*Task:*
All records below must be written out exactly, with the pictures excluded.

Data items
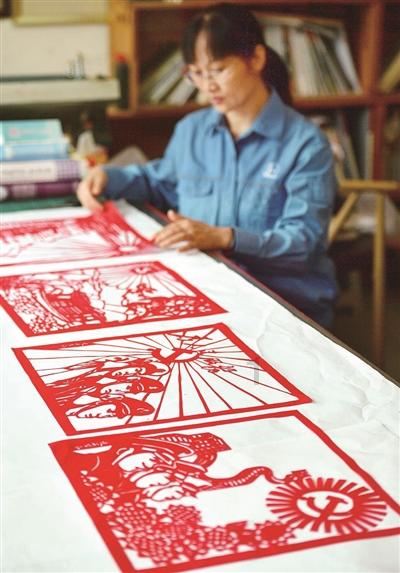 中学生在学校犯了点错，老师有权利取消住校资格吗？游戏画面
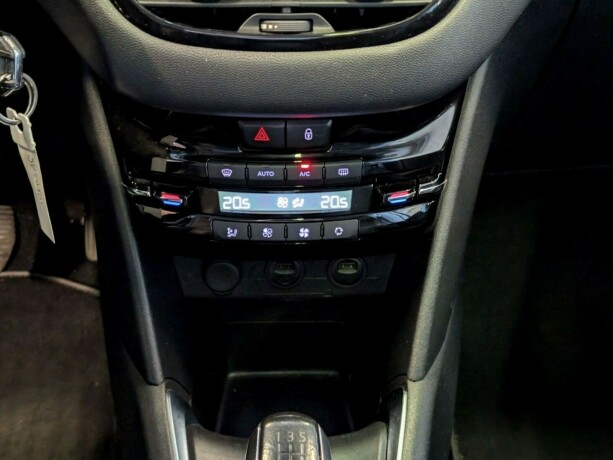 peugeot-208-bensin-2013-big-18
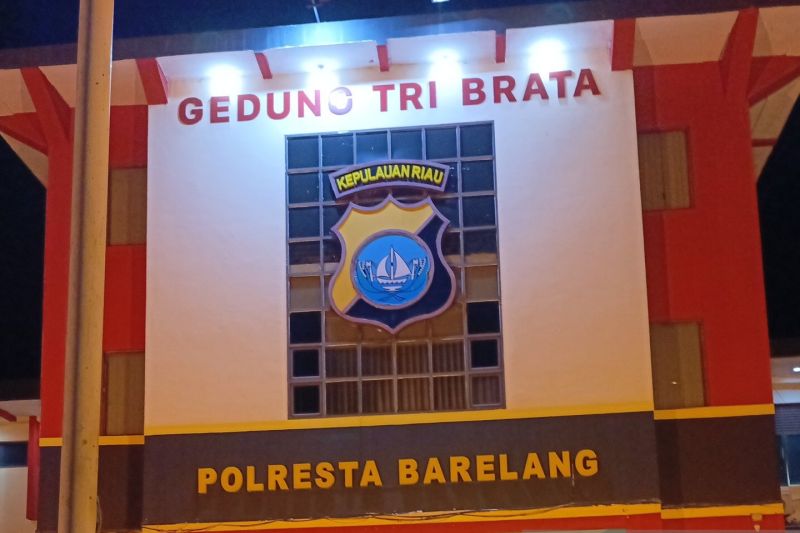 Polresta Balerang tangkap tersangka pembunuhan WNA Singapura Polresta Balerang tangkap tersangka pembunuhan WNA Singapura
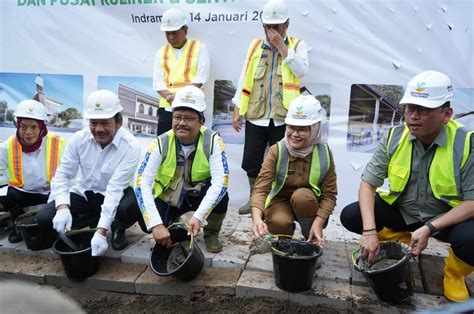 Mensos Dan Bupati Indramayu Tinjau Progres Pembangunan Kampung Nelayan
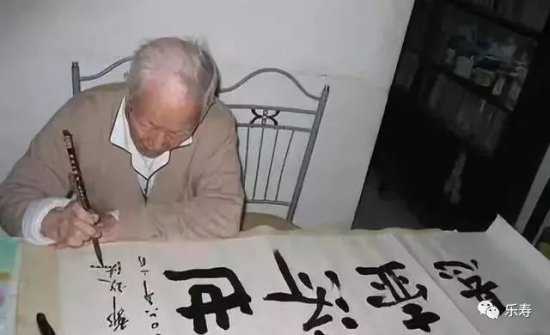 102岁国医大师邓铁涛一天的作息表！这些<em>养生</em>秘密在其中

*Written reply:*
 中学生在学校犯了点错，老师有权利取消住校资格吗？游戏画面
 peugeot-208-bensin-2013-big-18
 Polresta Balerang tangkap tersangka pembunuhan WNA Singapura Polresta Balerang tangkap tersangka pembunuhan WNA Singapura
 Mensos Dan Bupati Indramayu Tinjau Progres Pembangunan Kampung Nelayan
 102岁国医大师邓铁涛一天的作息表！这些<em>养生</em>秘密在其中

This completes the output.